E o mundo, como sabemos, já passou por muitas crises e estamos onde estamos por tudo que fizemos antes, durante e principalmente depois delas. Não melhoramos depois da escravidão, do nazismo, da crise espanhola, da epidemia de hiv, do 11 de setembro ou da boate kiss.
Não há luz num horizonte próximo. Pelo menos nada assim que eu consiga mensurar. Não deixaremos de acreditar nas ficções que são o dinheiro e a economia e não conseguiremos inventar um novo modo de viver, simplesmente porque nem tentaremos.
Porque falta adesão à vontade de mudar o mundo. A gente nem acredita mais que isso é possível.
Porque agora, que é agora, a gente não liberou as faxineiras e as pessoas mais precarizadas não estão ficando em casa - às vezes nem casa têm para se ficar. Como é que se pensa um pós, um futuro, quando o presente é altamente incerto e desemprego, falta de propósito e desigualdade se acentuam?

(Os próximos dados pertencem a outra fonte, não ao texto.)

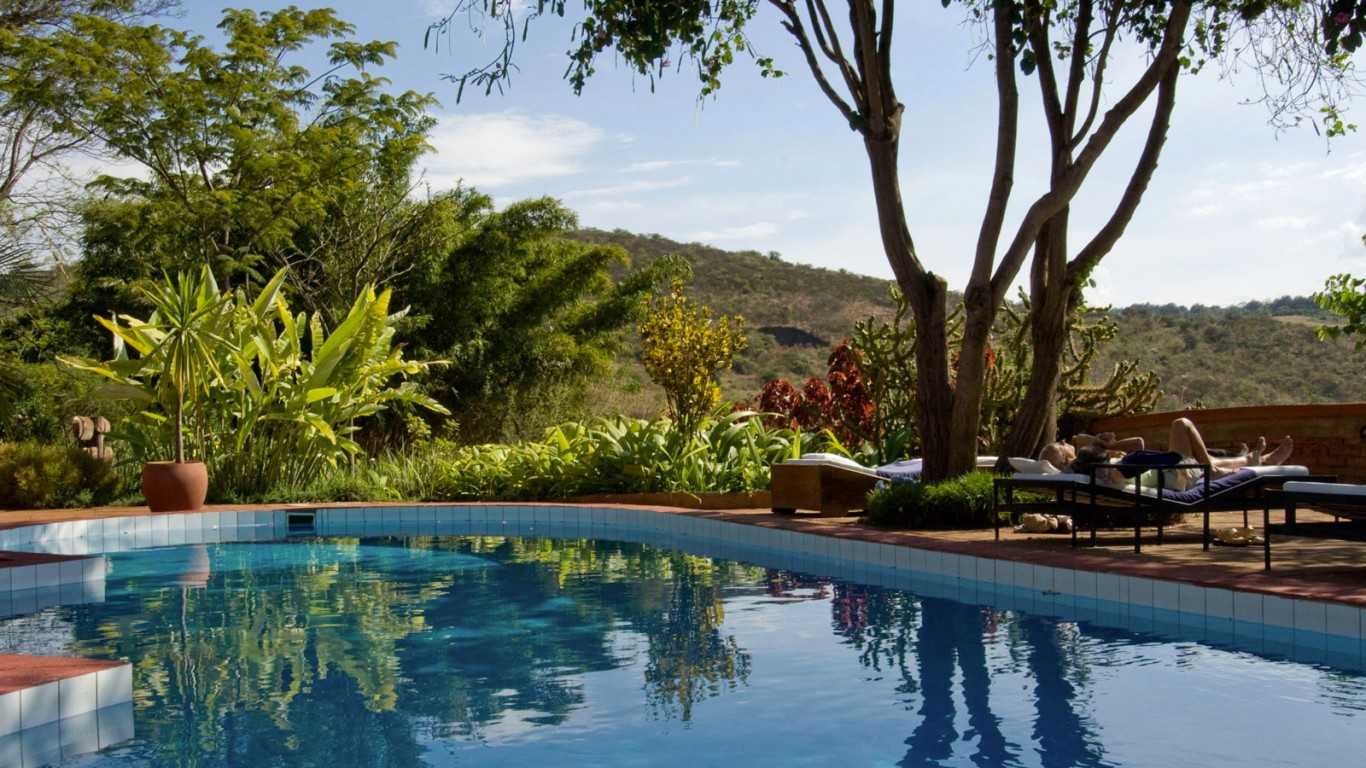 Lake Manyara Plantation Lodge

Que tipo de ficção é possível de ser inventada num cenário como esse? Que tipo de ficção tem chances de ganhar um edital? Oras, você não é escritor, inventor, criativo? Pois, crie!
Neste momento, pensar em futuro me faz oscilar. Na vida, de modo geral, pensar em amanhã só me dá vontade de chorar na cama prostrado em posição fetal. Se, por um acaso eu conseguir até lá pensar em algo para o edital, será para chorar as pitangas de um mundo cada vez mais injusto e cada vez pior.
Uma epidemia que não serviu de nada para tirarmos algum tipo de lição, porque enquanto ela está acontecendo há marmanjos na rua da casa do Lucas empinando pipa.
Por outro lado, acho que pra ganhar um edital, talvez o segredo seja investir em uma narrativa mais edificante, mais bonitinha, mais conforme dizem especialistas das novas etiquetas que surgirão. Mais como foi a capa do Segundo Caderno d’O Globo de Sábado. E eu que já não suportava etiquetas terei que conviver com novas.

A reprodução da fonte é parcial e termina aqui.